Маша смотрела на отца долго, с разочарованием и тихой яростью.
– Ясно… Ясно‑понятно!
Одним глотком допила пиво.
– Знаешь, пап, когда мы ходили на нашем утлом баркасике к Шпицу, мы зациклились на продуктах и домашних животных. А надо было – надо! – думать о том, чтобы прихватить ящик человеческой спермы!
Она бросила в его сторону обиженное «я спать» и хлопнула дверью.
Поднялась в маленькую, совсем не прогретую каморку на втором этаже. Хотя помещение и считалось ее комнатой, Маша здесь почти не спала – они с отцом предпочитали ночевать в каминном зале. Но только не сегодня, не сейчас. Злость душила ее и – нет, она даже не думала расплакаться! Это не в ее характере. Маша злилась на пропасть между отцовским безразличием и ее стремлением жить.
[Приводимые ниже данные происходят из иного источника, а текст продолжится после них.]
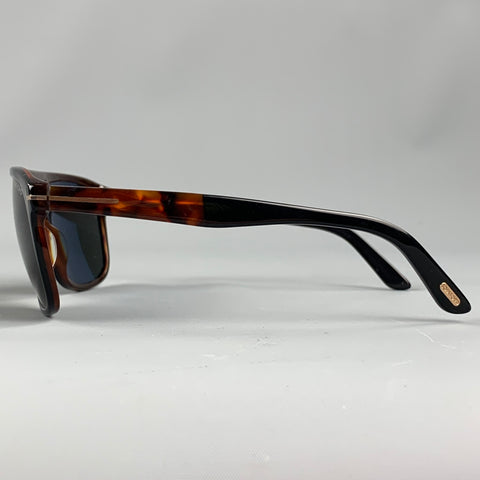 TOM FORD Black & Brown Tortoise Acetate Drop Sunglasses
Она требовала от себя действий, а расслабленное созерцание конца света ее раздражало. И все же она не могла бросить отца. Плюнуть на все, сбежать. Он для нее – последний родной человек.
Маша подошла к маленькому, квадратному оконцу. Послушала завывание ветра. Внизу, у входной двери, раскачивался единственный светодиодный фонарь, почти не способный разогнать тьму. Можно было бы подключить и другие, но зачем? Пустая трата ресурсов.
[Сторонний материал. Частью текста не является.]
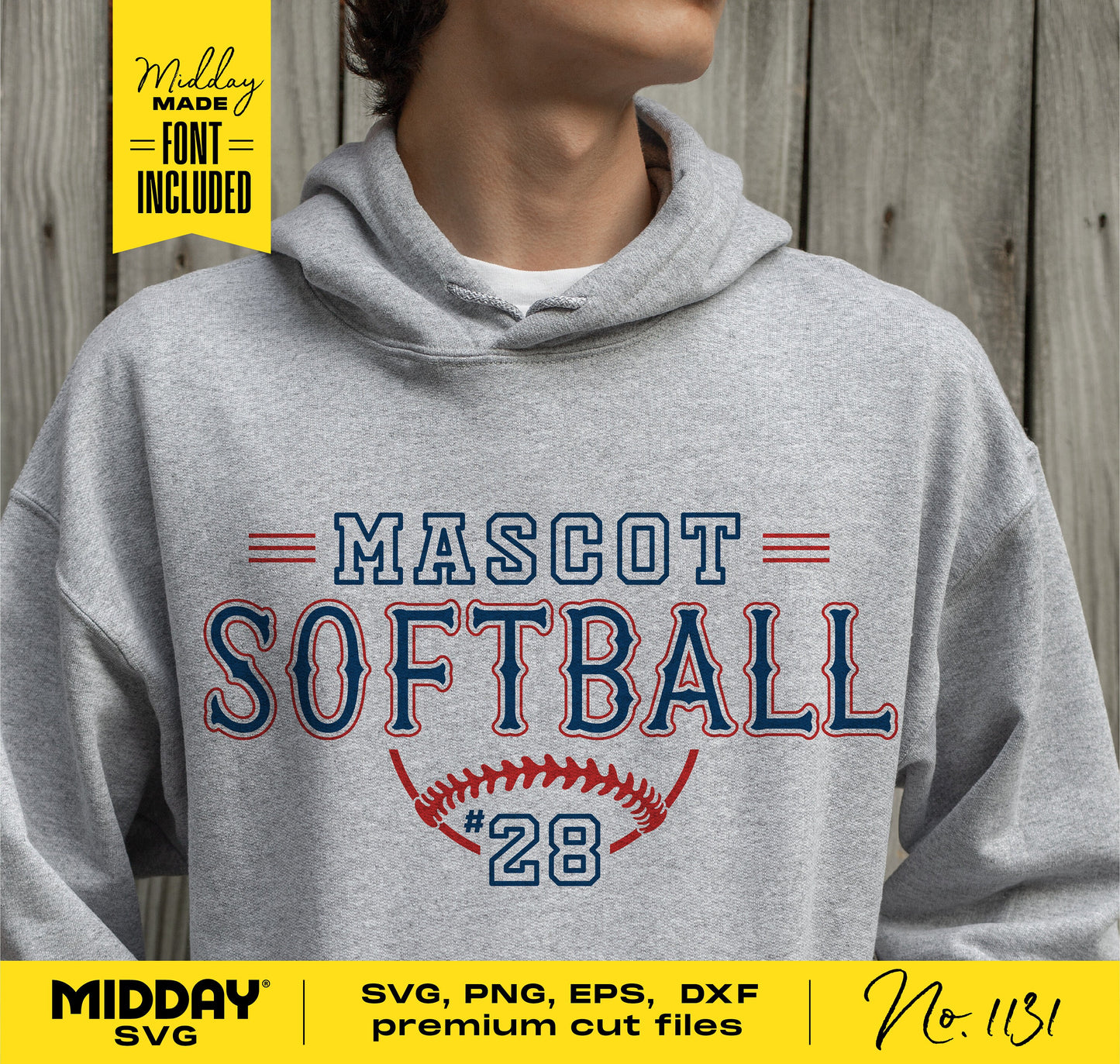 Gray hoodie with custom softball team logo design from SVG cut file, featuring 'Mascot Softball #28', ideal for Cricut and Silhouette.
Источник энергии – биогенератор – шевелился в огромном корыте, в чулане. Емкость притулилась к стене, кирпичная кладка которой согревалась камином. Копошащиеся одноклеточные казались зеленым пюре, разделенным на две секции, в каждой из которых скрывалось по дюжине высоковольтных кабелей.
Сто лет, двести – это пюре могло производить электричество дольше, чем ядерный реактор. Когда‑то такие генераторы, аккуратно упакованные в полимеры, выпускались в промышленных масштабах. Сейчас Маша и ее отец довольствовались неказистым корытом – грубо и неэстетично, зато эффективно.
Она включила обогреватель. Легла в постель. Спать не хотелось: на улице темно не потому, что поздно, а потому, что солнце садилось в этих широтах все раньше и раньше. Скоро оно закатится за горизонт надолго, не выйдет до самой весны, каждое утро намекая о своем существовании лишь слабой зорькой вдали.
Маша думала про Антоху. «Что теперь с ним делать?» Она, конечно, дождется результата седьмой попытки. Пара недель и все будет ясно. Но сама понимала, что это тупиковый эксперимент. «Эволюции придется выбирать – мы или они. Чего‑то среднего не получится».
Достала пистолет, проверила магазин.
– Придется убирать друга Антоху.
Она усмехнулась. Сама больше полугода назад дала ему это имя, когда во время одной из вылазок выследила мутанта, отставшего от стаи. Привезла на пикапе, всадив по дороге с десяток инъекций. Написала на клетке «Антоний», в честь любовника Клеопатры. Ну в самом деле – не Цезарем же, куда ему.
Снова спрятала пистолет, откинулась на подушку. Несмотря на холод снаружи и завывающий ветер комната быстро наполнялась теплом от обогревателя. И вместе с выпитым это расслабляло, тянуло, наконец, в сон.
– Еще две недели. А потом… Разберусь с животным, и… надо будет решать. Уговорить… Отца…
К назначенному сроку понесло снег. Маша даже думала достать лыжи, но хлопья, летящие сверху, были мокрыми и тут же таяли. Пошла к лаборатории в зимних ботинках. Суп в этот раз с собой не взяла, зато на бедре ее болталась кобура. Девушку одолевали противоречивые чувства.
– Да на кой он мне сдался?! Особенно теперь, – убеждала она саму себя. – Привыкла? Ну и дура, если привыкла. Антоха не человек и нужен был только для эксперимента. А эксперимент официально признан неудачным!
Не стесняясь поправила комбинезон в промежности, под которым скрывалась тряпица, заменяющая ей прокладку. Остановилась, тряхнула головой. Посмотрела наверх, открыв рот, стараясь поймать снежинки.
Пошла дальше, с каждым шагом нервничая все сильнее. По правде сказать, Маше приходилось убивать мутантов. Не то, чтобы часто, но пару раз, для самозащиты – было.
– Отвратительно. Терпеть ненавижу такие сомнения! Как будто я должна кому‑то. Мол, приручила – ответственна! Да он бы на куски меня порвал, если его без дозы из клетки выпустить!